▶ **Activity**: Each line of the material should be set down exactly. Pictures are not part of the copy.
··· Material provided ···
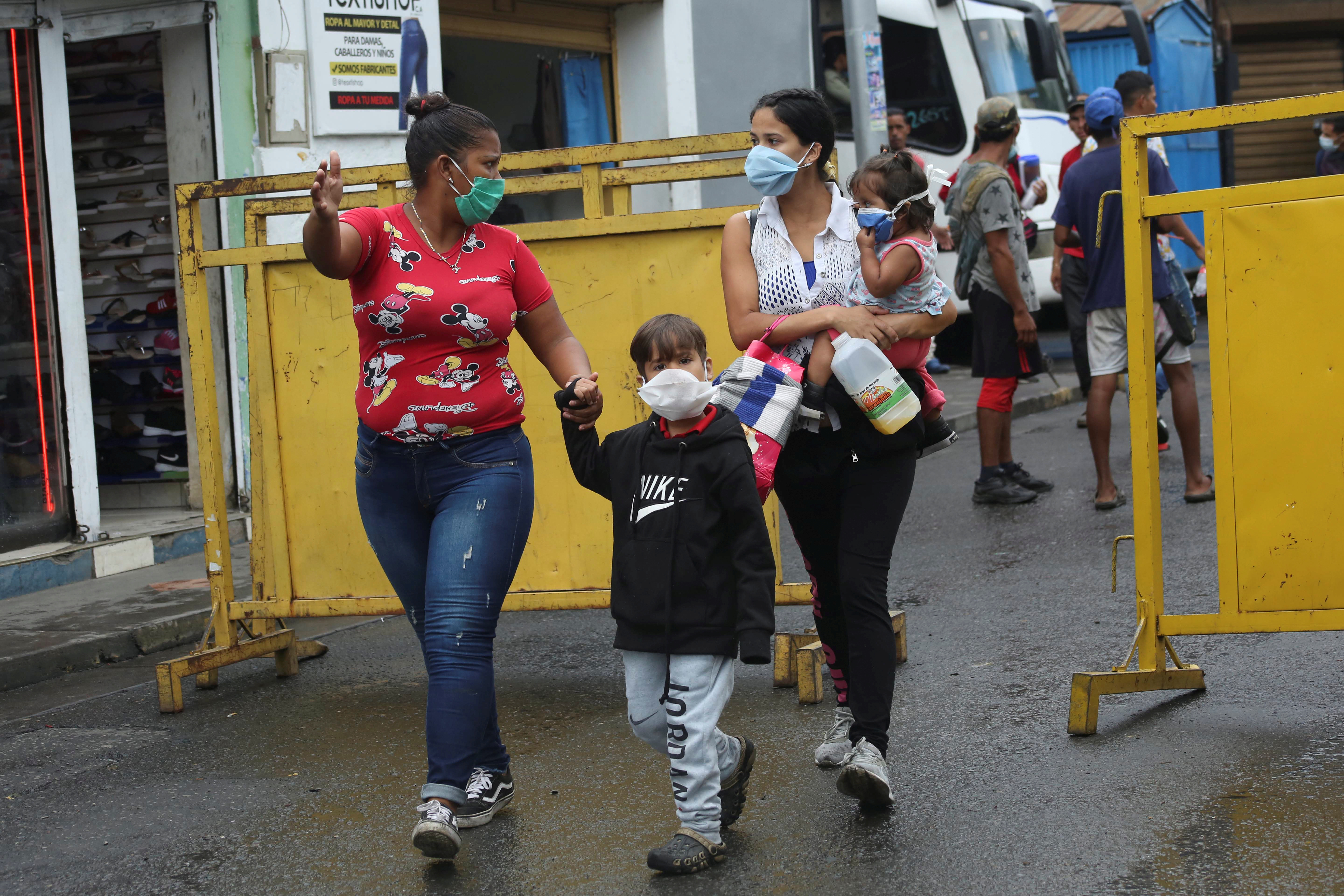 Régimen chavista levantó toque de queda en los municipios fronterizos con Colombia y Brasil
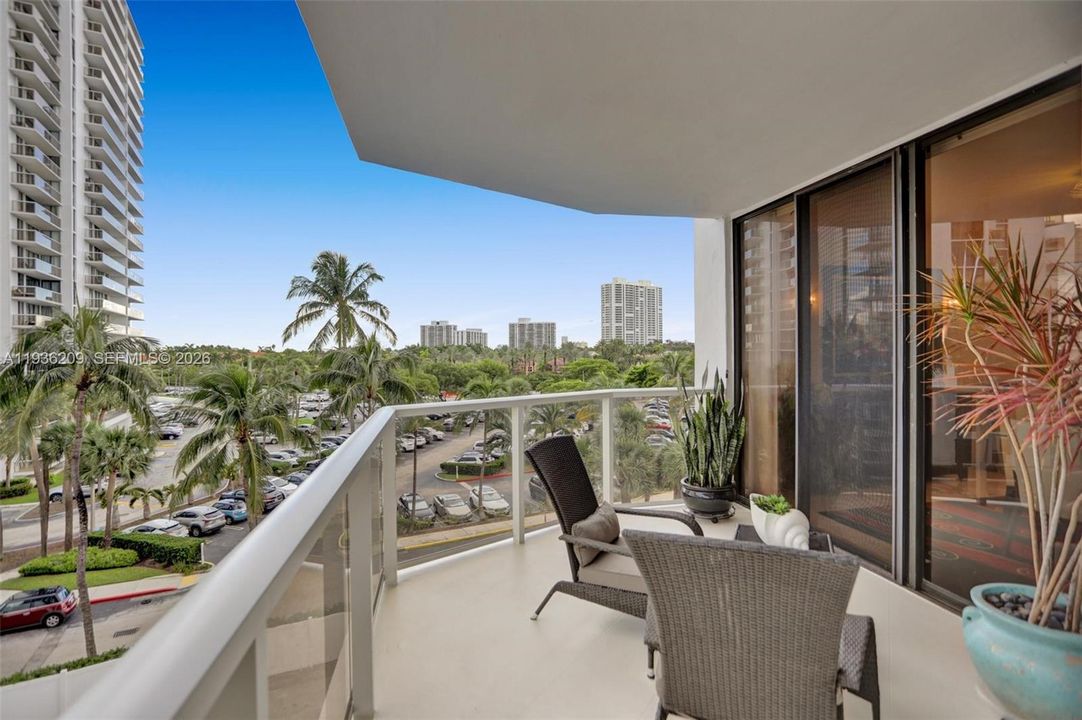 For Sale: $645,000 (2 beds, 2 baths, 1800 Square Feet)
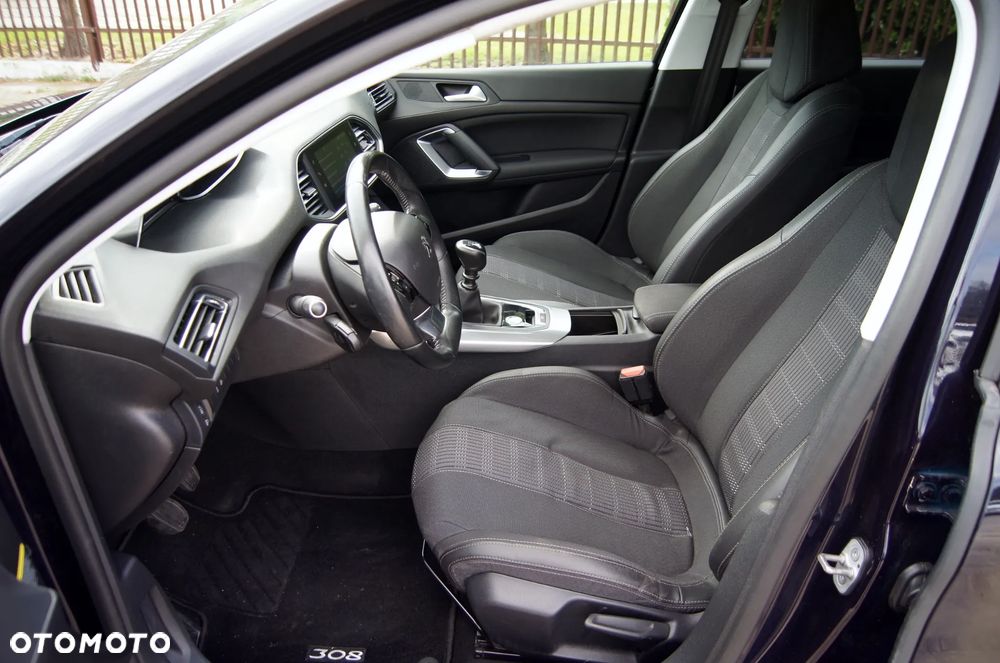 Peugeot 308 BlueHDi 130 Stop & Start Style - 8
···
▶ **Task answer**:
 Régimen chavista levantó toque de queda en los municipios fronterizos con Colombia y Brasil
 For Sale: $645,000 (2 beds, 2 baths, 1800 Square Feet)
 Peugeot 308 BlueHDi 130 Stop & Start Style - 8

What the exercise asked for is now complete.